11-year-old Hana has just won the best classmate prize, but no one at home seems to be very excited for her, nor (perhaps strangely) does she seem to have many friends. In fact, despite her caring nature, she’s feeling intensely insecure because her family life is in disarray. Mum and dad are both busy and rarely home, but when they are they’re having blazing rows about how dissatisfying they each are as spouses while even going so far as to have retroactive arguments about the decision to have children while their kids are still in earshot. Hana can see her mum’s busy and she wants to help so she offers to do some of the cooking as part of her summer holiday “recipe book” project, but is flatly refused. Fearing that her parents are on the brink of divorce and longing to return to happier days, she pesters them about going on a trip, believing that would be enough to repair her fracturing family.

Wistfully staring at happy families wherever she goes, Hana ends up running into two little girls, nine-year-old Yoo-mi (Kim Shi-a) and her sister seven-year-old Yoo-jin (Joo Ye-rim), who are living more or less on their own while their parents are working away (an uncle checks in on them every now and then). Lonely as she is, Hana starts hanging out with the equally lonely sisters but takes on an oddly maternal rather than sisterly role, delighting in cooking for them the way her mother rarely does for her and would not allow her to do for their family. Generating an easy bond, the girls decide to build “the house of us” out of discarded cardboard boxes, declaring they’ll build it as high as they can.

Yet Hana, still a child herself, struggles with what it means to assume a parental role. She does to Yoo-mi and Yoo-jin the exact things that she most resented about her own parents – withholding information and making decisions which affect everyone without consulting anyone. Having moved around a lot, Yoo-mi and Yoo-jin are most anxious that their landlady says they’ll be moving but their parents haven’t told them anything. Hana vows to help them save their house while protecting her own home, but in reality she can do neither. The girls resort to a series of childish tricks to prevent prospective tenants from choosing to rent Yoo-mi and Yoo-jin’s apartment in the belief that that they could stay if no one wanted to move in, approaching the problem with innocent logic that makes perfect sense to a child but is little more than silliness to an adult.

Meanwhile, Hana struggles with twin discoveries of parental betrayal in finding her mother’s application for a transfer to Germany, and accidentally answering a call from a woman on her father’s phone that perhaps embarrasses her as she realises despite her young age that he has done something potentially destructive to their family. The less control she has in her family home, the more time she spends with Yoo-mi and Yoo-jin making a new one and trying to do it better. The sisters begin to look up to her as a little more than a big sister figure, allowing her to lead and expecting that she will know what to do even when she fails them.
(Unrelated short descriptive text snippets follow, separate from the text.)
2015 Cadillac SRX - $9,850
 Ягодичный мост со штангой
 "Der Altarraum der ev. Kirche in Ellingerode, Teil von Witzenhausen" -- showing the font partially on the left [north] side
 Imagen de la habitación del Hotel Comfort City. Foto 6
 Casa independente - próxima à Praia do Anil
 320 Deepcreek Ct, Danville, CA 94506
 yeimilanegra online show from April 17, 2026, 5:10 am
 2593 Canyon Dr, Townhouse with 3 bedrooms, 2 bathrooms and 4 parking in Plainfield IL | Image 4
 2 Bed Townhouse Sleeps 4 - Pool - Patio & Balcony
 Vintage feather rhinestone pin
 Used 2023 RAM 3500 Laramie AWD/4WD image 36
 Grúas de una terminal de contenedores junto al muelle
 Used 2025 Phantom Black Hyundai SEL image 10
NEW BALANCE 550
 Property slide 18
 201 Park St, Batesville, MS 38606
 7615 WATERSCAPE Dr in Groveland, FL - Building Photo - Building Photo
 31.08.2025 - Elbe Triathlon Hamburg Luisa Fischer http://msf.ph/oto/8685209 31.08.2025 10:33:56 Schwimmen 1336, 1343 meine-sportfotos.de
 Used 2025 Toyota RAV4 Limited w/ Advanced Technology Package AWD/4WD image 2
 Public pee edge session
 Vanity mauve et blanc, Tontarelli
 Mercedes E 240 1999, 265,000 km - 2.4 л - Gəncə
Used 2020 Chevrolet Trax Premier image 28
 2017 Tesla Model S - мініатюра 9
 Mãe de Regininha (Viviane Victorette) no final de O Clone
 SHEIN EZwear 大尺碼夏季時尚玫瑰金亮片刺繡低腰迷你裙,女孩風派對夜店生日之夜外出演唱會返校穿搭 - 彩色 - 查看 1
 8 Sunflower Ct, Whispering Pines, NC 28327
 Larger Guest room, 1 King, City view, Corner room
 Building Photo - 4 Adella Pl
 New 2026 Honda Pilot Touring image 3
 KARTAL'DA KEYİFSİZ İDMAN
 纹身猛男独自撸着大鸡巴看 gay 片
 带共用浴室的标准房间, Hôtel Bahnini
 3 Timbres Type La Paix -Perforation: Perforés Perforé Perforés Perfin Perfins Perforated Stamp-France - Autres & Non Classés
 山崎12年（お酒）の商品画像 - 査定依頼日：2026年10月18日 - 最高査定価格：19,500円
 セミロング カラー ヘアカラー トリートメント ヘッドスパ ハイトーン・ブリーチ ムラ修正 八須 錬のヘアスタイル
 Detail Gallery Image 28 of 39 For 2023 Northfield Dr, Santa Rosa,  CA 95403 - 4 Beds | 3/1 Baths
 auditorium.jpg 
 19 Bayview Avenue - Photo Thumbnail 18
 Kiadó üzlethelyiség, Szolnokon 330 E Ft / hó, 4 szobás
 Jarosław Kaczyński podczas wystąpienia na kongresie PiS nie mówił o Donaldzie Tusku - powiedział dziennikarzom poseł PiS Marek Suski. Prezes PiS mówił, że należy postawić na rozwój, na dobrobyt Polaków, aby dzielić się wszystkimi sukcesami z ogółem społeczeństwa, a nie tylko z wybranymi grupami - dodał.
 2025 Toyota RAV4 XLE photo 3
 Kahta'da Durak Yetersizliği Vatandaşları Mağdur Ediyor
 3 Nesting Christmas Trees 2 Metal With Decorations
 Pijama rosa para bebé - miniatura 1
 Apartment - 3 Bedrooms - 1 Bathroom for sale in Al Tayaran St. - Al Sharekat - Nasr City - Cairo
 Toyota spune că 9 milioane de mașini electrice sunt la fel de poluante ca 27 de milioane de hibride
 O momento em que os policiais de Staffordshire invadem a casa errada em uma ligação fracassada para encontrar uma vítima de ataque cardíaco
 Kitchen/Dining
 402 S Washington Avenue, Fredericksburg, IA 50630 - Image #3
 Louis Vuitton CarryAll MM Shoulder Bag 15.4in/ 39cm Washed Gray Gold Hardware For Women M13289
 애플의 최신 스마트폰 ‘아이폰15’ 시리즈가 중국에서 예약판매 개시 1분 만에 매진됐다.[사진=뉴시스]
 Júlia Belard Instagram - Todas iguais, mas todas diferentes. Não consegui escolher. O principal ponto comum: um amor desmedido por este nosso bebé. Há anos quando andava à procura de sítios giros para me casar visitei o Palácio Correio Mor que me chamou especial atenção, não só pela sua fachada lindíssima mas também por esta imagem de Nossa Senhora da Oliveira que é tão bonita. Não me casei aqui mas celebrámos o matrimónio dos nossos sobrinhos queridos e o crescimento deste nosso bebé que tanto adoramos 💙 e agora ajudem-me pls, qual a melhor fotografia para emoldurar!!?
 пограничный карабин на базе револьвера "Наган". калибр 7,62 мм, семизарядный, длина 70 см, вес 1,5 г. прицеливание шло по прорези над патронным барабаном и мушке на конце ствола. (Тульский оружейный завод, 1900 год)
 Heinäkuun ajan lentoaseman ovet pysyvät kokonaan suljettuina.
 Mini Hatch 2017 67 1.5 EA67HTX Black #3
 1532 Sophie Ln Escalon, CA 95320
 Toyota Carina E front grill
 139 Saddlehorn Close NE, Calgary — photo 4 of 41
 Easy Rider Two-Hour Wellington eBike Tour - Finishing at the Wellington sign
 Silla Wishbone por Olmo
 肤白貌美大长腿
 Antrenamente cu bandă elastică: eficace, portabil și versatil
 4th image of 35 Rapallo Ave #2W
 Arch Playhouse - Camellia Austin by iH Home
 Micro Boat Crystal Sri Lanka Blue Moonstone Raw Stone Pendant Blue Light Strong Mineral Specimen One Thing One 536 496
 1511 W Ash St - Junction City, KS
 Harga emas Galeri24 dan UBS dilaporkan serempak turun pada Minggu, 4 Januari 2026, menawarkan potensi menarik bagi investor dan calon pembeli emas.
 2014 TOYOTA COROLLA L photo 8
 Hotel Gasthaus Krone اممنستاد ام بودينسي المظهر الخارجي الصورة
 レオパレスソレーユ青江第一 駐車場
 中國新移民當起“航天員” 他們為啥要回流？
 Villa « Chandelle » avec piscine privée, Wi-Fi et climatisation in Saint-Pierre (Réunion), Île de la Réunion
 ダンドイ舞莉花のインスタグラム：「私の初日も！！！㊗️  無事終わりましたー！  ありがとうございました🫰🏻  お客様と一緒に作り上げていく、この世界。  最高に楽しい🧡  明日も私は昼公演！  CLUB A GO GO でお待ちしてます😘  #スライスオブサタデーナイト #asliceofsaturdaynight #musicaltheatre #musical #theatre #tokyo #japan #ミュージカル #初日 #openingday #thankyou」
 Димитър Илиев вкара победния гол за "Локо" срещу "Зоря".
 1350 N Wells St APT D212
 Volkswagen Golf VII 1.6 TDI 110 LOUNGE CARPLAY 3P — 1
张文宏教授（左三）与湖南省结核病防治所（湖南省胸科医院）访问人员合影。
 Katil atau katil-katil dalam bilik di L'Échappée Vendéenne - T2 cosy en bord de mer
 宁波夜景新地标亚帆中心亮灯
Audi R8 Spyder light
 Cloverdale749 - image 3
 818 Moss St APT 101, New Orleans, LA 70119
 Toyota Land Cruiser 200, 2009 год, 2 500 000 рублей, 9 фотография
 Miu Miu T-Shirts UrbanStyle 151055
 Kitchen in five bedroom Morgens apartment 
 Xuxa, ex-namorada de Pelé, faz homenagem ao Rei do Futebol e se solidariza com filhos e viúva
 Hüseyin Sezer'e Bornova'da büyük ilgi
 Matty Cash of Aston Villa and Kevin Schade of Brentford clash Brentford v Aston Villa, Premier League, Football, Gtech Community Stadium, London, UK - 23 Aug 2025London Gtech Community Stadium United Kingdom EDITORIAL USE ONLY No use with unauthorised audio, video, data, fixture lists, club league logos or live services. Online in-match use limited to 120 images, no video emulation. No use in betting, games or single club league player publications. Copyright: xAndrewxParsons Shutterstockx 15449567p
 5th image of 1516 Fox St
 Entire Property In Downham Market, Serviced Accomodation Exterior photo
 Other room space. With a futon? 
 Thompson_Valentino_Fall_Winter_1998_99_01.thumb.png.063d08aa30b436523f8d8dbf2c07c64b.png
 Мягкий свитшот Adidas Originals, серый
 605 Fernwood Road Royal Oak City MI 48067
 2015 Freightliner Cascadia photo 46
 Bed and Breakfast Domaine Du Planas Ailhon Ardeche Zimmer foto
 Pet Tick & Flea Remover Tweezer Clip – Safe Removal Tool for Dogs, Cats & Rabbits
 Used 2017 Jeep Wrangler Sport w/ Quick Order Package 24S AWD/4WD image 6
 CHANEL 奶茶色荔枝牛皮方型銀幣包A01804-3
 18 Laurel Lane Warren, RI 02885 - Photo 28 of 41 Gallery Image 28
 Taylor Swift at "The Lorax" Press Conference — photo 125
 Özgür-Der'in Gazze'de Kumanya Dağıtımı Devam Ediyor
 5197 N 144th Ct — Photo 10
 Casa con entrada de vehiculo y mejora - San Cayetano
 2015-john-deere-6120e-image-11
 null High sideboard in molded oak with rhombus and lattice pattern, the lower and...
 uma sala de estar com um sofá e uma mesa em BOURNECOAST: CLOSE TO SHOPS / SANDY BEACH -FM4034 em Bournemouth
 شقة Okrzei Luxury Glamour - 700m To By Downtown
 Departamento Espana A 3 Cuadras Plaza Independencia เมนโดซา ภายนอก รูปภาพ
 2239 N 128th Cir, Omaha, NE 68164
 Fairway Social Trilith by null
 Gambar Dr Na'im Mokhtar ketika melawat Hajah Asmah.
Through her own failures, Hana begins to realise that her parents aren’t perfect and adults don’t always know what to do either. The girls accept that they belong to different families and can’t stay together, but discover that the “house” wasn’t what was important and that they’ll always be connected even if they’re far apart. No longer so insecure, Hana steps into herself and understands that her parents’ marriage is something they’ll sort out for themselves and if the family is scattered it’ll still be her family. A warm and empathetic, if melancholy, exploration of coming to terms with life’s disappointments, The House of Us finds serenity in the act of letting go as its heroine finds the strength to look forward rather than back towards a happy independence supported but not constrained by imperfect family.


The House of Us was screened as part of the 2019 BFI London Film Festival.